第209話 彼女は除名された!

「皆様、こんにちは。私は園田円香と申します。放送部の新人アナウンサーです。」

全員の視線が一斉に彼女に注がれた。壇上に立つ彼女は、落ち着いた態度で、毅然とした眼差しを向け、唇の端には淡い笑みを浮かべ、独特なオーラを放っていた。

まるで失態を謝罪するために壇上に立っているというよりも、スピーチをするかのような様子だった。

田中部長は彼女のその態度がますます気に入らなかった。そもそも、内情を知らない彼は、園田円香が坂本波監督を踏み台にして出世したことしか知らず、彼女が手段を選ばない冷酷な人間で、警戒せざるを得ないと思っていた。

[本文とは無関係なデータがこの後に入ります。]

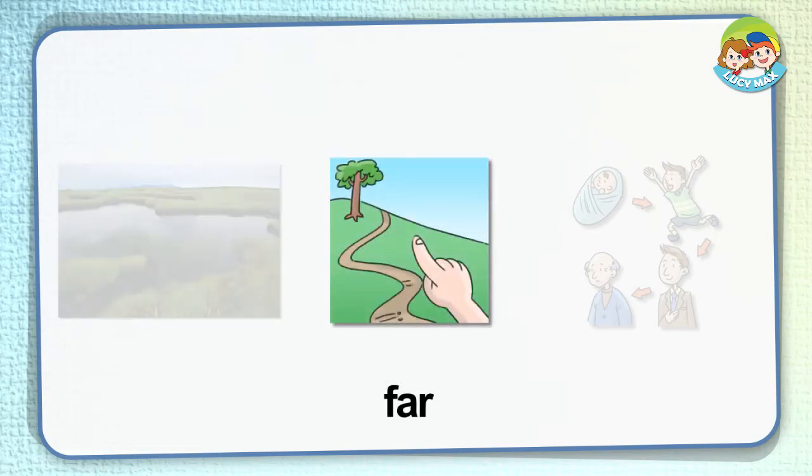Far. If a place is far from another place, the distance between the two places is long. In the picture, someone thinks the tree is far from his place. So the distance between his place and the tree is long.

重要なのは、彼女が局長の推薦で入社し、さらに江川夫人という身分を持っていることだった。もし彼女が出世しようとすれば、最初に追い出されるのは自分の地位ではないかと。

今回の告発に関しては、実際には些細な問題で、見て見ぬふりをすれば済むことだった。結局のところ、アナウンサーそれぞれに仕事のスタイルがあり、さくらテレビは多様な発展を支持しており、違法でない限り、結果が良ければ記者やアナウンサーの仕事に過度に干渉することはなかった。

彼は本来、この件を利用して園田円香を牽制し、放送部は自分の領域だということを理解させ、ここでうまくやっていきたいなら大人しくしろ、余計なことは考えるなと伝えたかったのだ。

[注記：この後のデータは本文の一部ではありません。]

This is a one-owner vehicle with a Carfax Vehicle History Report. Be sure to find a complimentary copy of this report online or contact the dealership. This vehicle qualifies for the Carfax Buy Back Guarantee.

しかし彼女は分別がなく、敢えて彼と対立しようとした。それなら自業自得を味わうしかない。

これだけの幹部の前で謝罪させれば、彼女の印象点は大きく下がる。その後、何かの口実を見つけて彼女を解雇すれば、もう誰も彼女を守ることはできず、この目の上のたんこぶを完全に取り除くことができる。

田中部長はそう考えながら、園田円香を見る目がますます冷たくなっていった。

お金持ちの奥様なら、家に帰って夫の機嫌を取り、夫の世話をすればいい。職場は彼女のような人間が遊べる場所ではない。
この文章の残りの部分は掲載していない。